I had very little idea of who Bill Cunningham was other that he is a photographer, works for the New York Times and that’s about it. This documentary is a stunning insight into a man who is really an unknown. At 80 years old Cunningham stills works for the Times, he cycles around the streets of NYC taking photos of everything and anything, but his real passion is fashion. The images that get into the Times are of everyday people in NYC, who for what ever reasons, perhaps a unusual coat, or pair of shoes, stand out from the rest. As he himself says, he’s not interested in celebrities, the everyday is more beautiful.

His passion for what he does is immense and consuming, he admits he had no time to do very little else, but has no interest in the glamour side of fashion and lives incredibly humbly, prefers cheap sandwiches to fancy dinners or repairing a cheap rain mac with tape to save buying a new one ‘that will eventually tear anyway’.

He is a wonderful character with a seemingly endless joy for his work and the world around him. A career spanning decades has lead to him meeting an array of people and photography thousands more, his work fills endless filing cabinets in his tiny studio apartment above Carnegie Hall (which sadly came to an end, after the Carnegie artist director kicked out the last remaining tenants) much of which will never be published. His passion for his work shows clearly when he is awarded a medal by the French government.

Not only his acceptance speech wonderful and moving, before hand he is busy working, snapping guests, which as one woman describes, ‘You are working at your own party?!’ The film follows Cunningham as he goes on his daily journeys, as well as a trip to Paris for fashion week and we also get to see him putting his column together, remarkably he still uses old film cameras and choices to get them developed at a small shop.

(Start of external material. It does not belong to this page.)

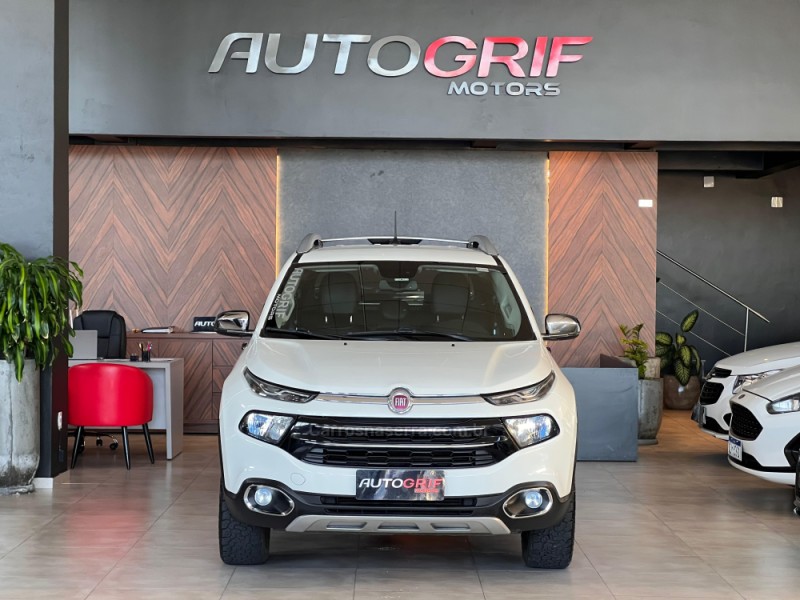 TORO 2.0 16V TURBO DIESEL VOLCANO AT9 4X4 AUTOMÁTICO - 2018 - CAMPO BOM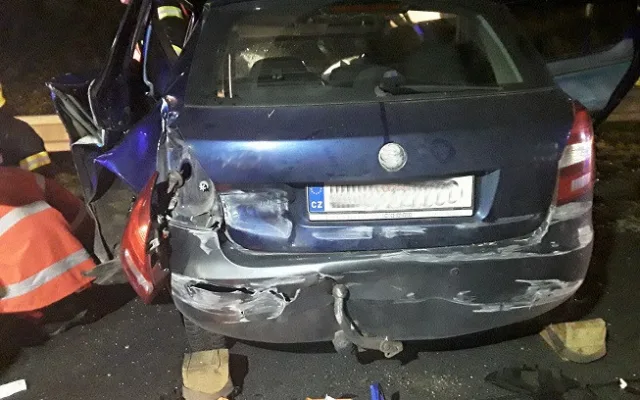 Tragická nehoda u Nového Boru. Čelní střet vozidel řidička nepřežila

He has absolute perfection for his column, ensuring the photos are in the right order.

We also see a handful of Cunningham’s subjects from over the years, an array of wonderful if not eccentric New Yorkers, all individual and delightful in their own way. The excitement they have for appearing in Cunningham’s column is great to see and shows what a wonderful job he does. As he is never rude or horrid about what he sees, it’s almost a stamp of approval, Anna Wintour, editor of Vogue, even says that Cunningham foresees fashion well before desingers do and suddenly next season, an idea is everywhere.

Cunningham remains an unknown in the sense that the film reveals very little about him. Nor does it seem that those who have known him for years, know much about him. When near the end of the film he is asked if he has ever had a relationship, he laughs and says no, he never has had time. He opens up briefly about family and desire. It is a fascinating moment, one that becomes ultimately sad as Cunningham breaks down momentarily, for what reason we can only guess.

This film is a fantastic insight into one person and their passion, one that is simply told but is uplifting and often funny and if anything inspiring. It shows that some people lead the most simplistic life and yet achieve so much happiness and that is a glorious thing.